Two different ML model types were trained and validated on the collected dataset: an artificial neural network (ANN) and an ensemble classifier consisting of decision trees. Both classifiers were trained using 5-fold cross validation to better utilize the collected data, reduce overfitting and generalize the model predictions [57].
Due to the efficiency of deep learning models, the suggested approach was tested on an ANN [58] with multiple hidden layers. Neural networks with different hidden layer architectures were trained using 5-fold validation. All networks resulted in high accuracy (above 97.8%) and low FPRs (0.2%) but were only able to correctly identify low rates of malicious websites (2.5-4%).

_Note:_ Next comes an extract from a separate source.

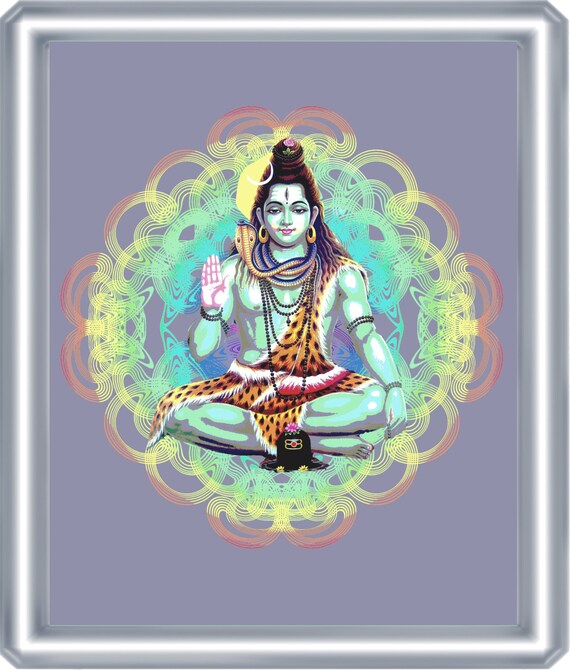 Shiva Hindu God Art Print 8 x 10 Psychedelic Background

In addition, an analysis of the receiver operating characteristic (ROC) curves yielded by the different network architectures indicates that the trained models were affected by overfitting.
This is not surprising, as the effect of class imbalance on neural network classification performance was previously proven to be detrimental [59, 60]. Two main approaches were previously suggested for handling imbalanced classification problems while using ANN models by significantly increasing the weight of the minority class: supervised oversampling [61] and synthesized data augmentation [62–64]. These approaches share one main disadvantage — active manipulation of the original dataset. Such manipulation contradicts the intention of accurately representing a commercial, real-life scenario. In addition, it has been previously suggested that data augmentation techniques do not learn the target distribution [65].
As a proof of concept regarding ANN efficiency in this problem space and to neutralize the imbalanced effect induced without adding synthesized data, a more balanced dataset was examined.
This dataset was a subset of the original dataset consisting of 2,788 samples, including all 697 original malicious samples and 2,901 legitimate samples that were randomly selected. The prior probability of being a malicious website in this dataset was 13 times greater than that in the previous experiment (25% vs. 1.95%).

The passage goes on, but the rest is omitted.